Randomly select a dataset observation and insert it into a second dataset

Reply
Contributor kbk
Contributor
Posts: 29

Randomly select a dataset observation and insert it into a second dataset

Hi All,

Hopefully this makes sense. I have two datasets, one of which has some null values for a specific variable. For those null variables, I want to randomly select an observation from a second dataset and insert it into the first dataset. I do a bit of other processing which I include below but which isn't critical to the core question. Here is code that does what I want it to do *except* I am hardcoding the variable - 'swap' - to be swapped in. How can I randomly select the swap variable used in the third data step below?

data work.swapIn;

    input swap $1-50;

    datalines;

    [sampleID]^1^^3^Street^Town^[sampleID prefix]

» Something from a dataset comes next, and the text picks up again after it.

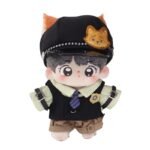 Fox & Bunny Detective Agency Four Pieces Set for 10cm Cotton Doll - 画像 (4)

    [sampleID]^8^2^3^Street^Town^[sampleID prefix]

    [sampleID]^1^3^43^Street^Town^[sampleID prefix]

    ;

proc print;

run;

data work.input;

    length sampleID $11 Type 3 dataString $50;

    input sampleID $1-11 Type dataString $;

    datalines;

MS-1xxx-003 1 MS-1xxx-003^1x^^5^Street^Town^MS

MS-1yyy-411 2 .

MS-4xxx-002 3 .

GC-6xxx-002 3 GC-6xxx-002^1^3^43^Street^Town^GC

MS-2yyy-002 1 .

;

proc print;

run;

data swapOut (drop=swap samplePrefix);

    set input;

    if dataString = '' then

        do;

            /*instead of hard coding swap, I want to randomly select a swap value from work.swapIn*/

            swap = '[sampleID]^1^^3^Street^Town^[sampleID prefix]';

            dataString = tranwrd(swap,'[sampleID]', sampleID); *insert sampleID ;

            samplePrefix = scan(sampleID,1,'-'); *retrieve first part of sampleID;

            dataString = tranwrd(dataString,'[sampleID prefix]', samplePrefix); *insert samplePrefix;

        end;

run;

proc print data=swapOut;

run;

I tried reading the values of swapIn into macro variables:

data _null_;

    set swapIn;

    call symputx('swap'||put(_n_,z2.),swap,'G');

run;

%put &swap01;

With the thought that I would dynamically generate the macro variable name (where the counter suffix was randomly generated within the datastep). However, I ran into deadends when I could not concatenate a string variable to a macro variable to create a callable macro variable. I also tried storing the randomly generated suffix into a macro variable but discovered you cannot evaluate functions or equations when setting a macro variable. Here is the equation I was using to generate the random suffix:

swapSuffix = put(int(3*RAND('UNIFORM'))+1, z2.);

Super Contributor
Posts: 578

Re: Randomly select a dataset observation and insert it into a second dataset

If you add some variables to hold random values at the outset, then you can join based on them.

data work.swapIn;

    input rnd_start rnd_end swap & $50.;

    datalines;

0 .33 [sampleID]^1^^3^Street^Town^[sampleID prefix]

.33 .66 [sampleID]^8^2^3^Street^Town^[sampleID prefix]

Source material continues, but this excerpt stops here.